━━━ Data for this exercise

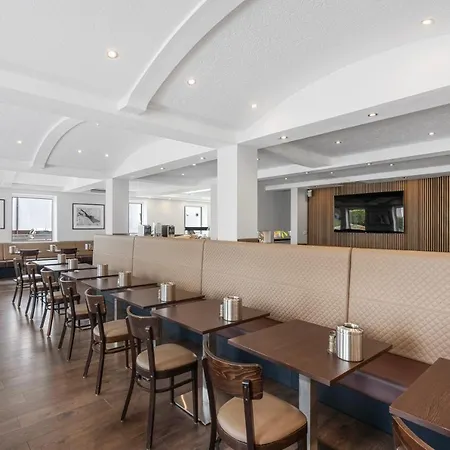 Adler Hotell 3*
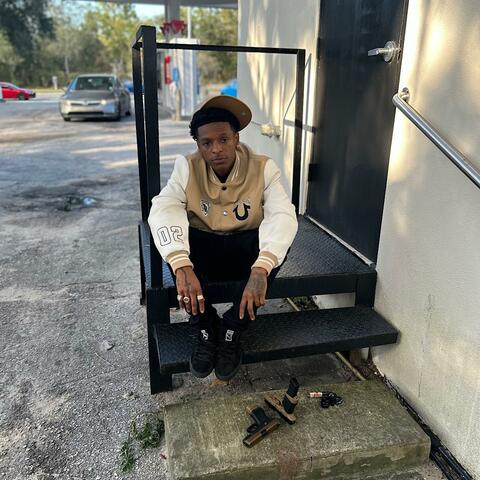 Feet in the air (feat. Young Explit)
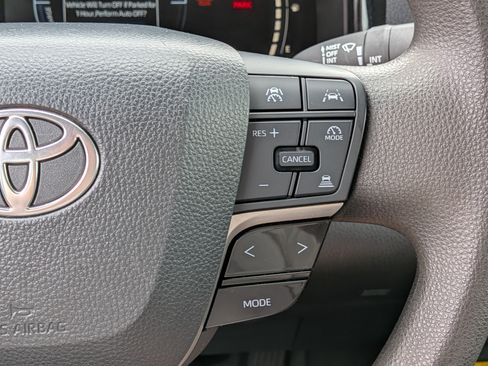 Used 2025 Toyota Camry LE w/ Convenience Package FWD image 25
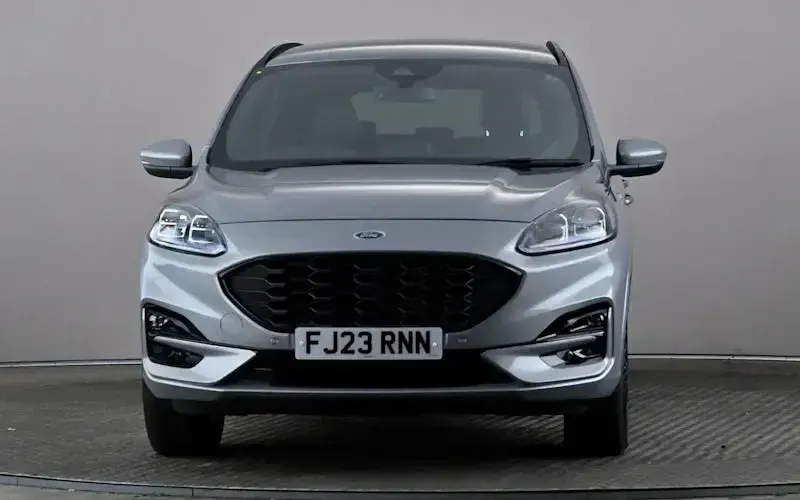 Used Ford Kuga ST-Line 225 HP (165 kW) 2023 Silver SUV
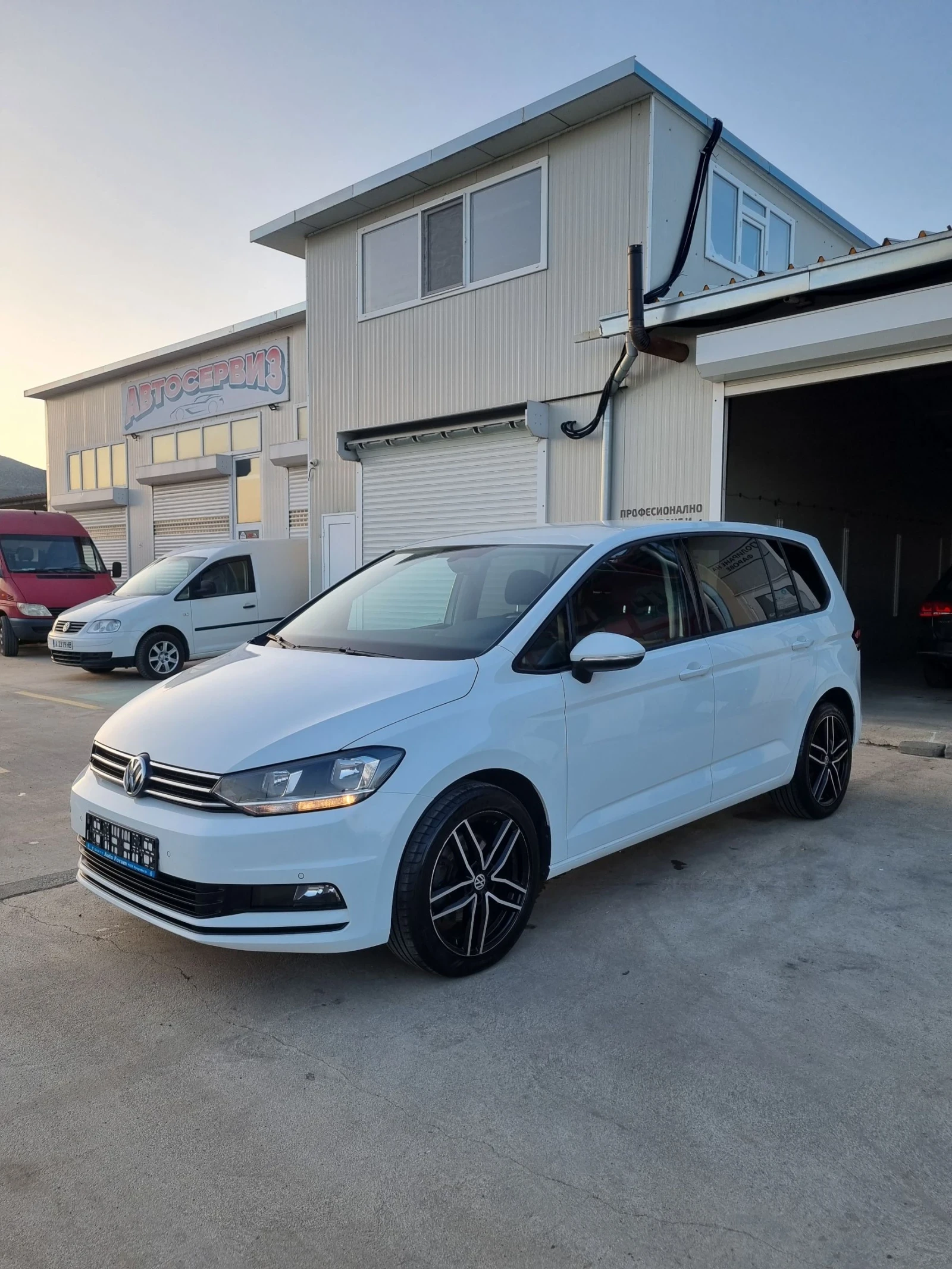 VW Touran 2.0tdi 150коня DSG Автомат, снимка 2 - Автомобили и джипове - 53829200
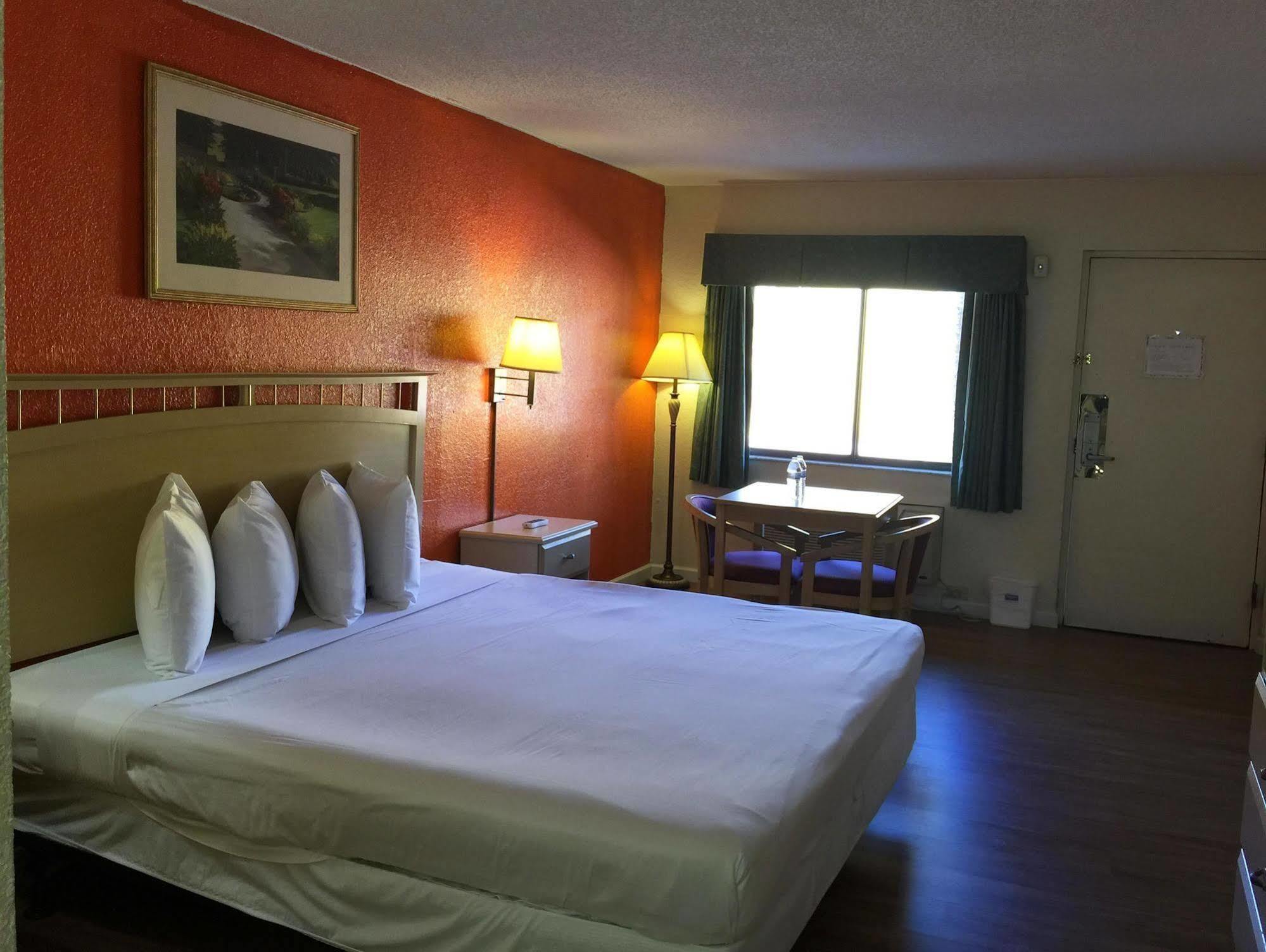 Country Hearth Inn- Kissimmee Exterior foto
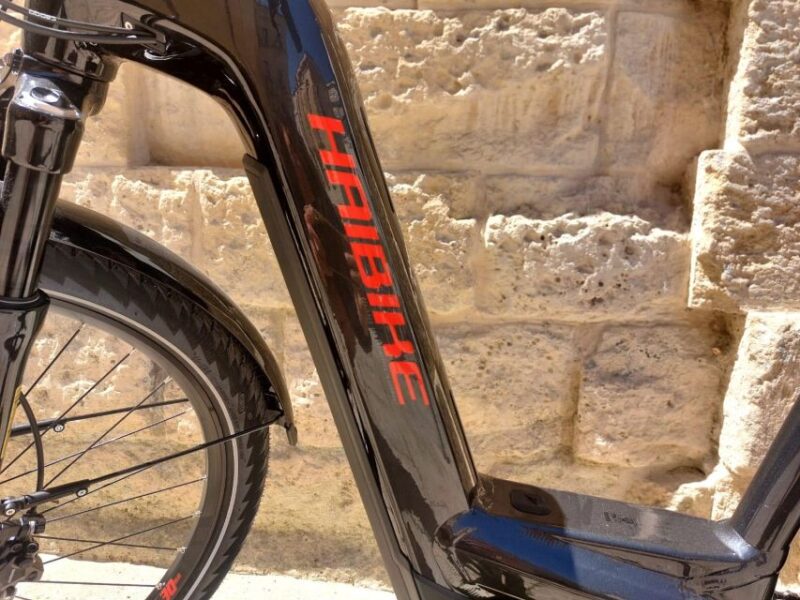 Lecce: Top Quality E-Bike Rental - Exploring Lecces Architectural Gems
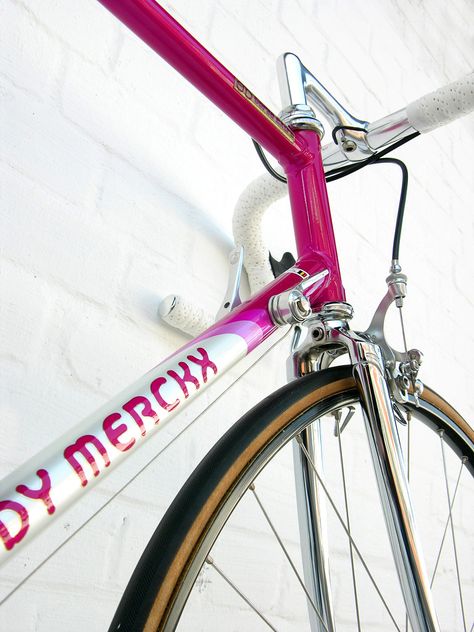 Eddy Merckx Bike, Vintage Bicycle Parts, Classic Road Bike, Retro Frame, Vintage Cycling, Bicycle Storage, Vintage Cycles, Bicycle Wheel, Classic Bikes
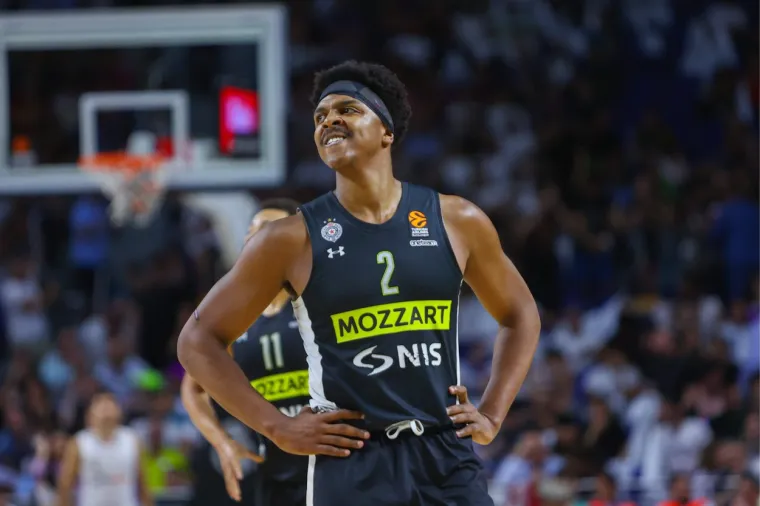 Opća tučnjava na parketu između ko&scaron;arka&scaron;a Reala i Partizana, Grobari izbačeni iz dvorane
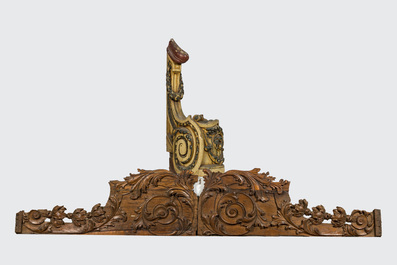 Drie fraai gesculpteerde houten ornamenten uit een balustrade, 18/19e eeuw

━━━━━━

Problem requirements: Both the line containing "Eddy Merckx Bike, Vintage" and the last line of the records above belong in the exact copy, along with every line between them; pictures do not.

The completed task:
 Eddy Merckx Bike, Vintage Bicycle Parts, Classic Road Bike, Retro Frame, Vintage Cycling, Bicycle Storage, Vintage Cycles, Bicycle Wheel, Classic Bikes
 Opća tučnjava na parketu između ko&scaron;arka&scaron;a Reala i Partizana, Grobari izbačeni iz dvorane
 Drie fraai gesculpteerde houten ornamenten uit een balustrade, 18/19e eeuw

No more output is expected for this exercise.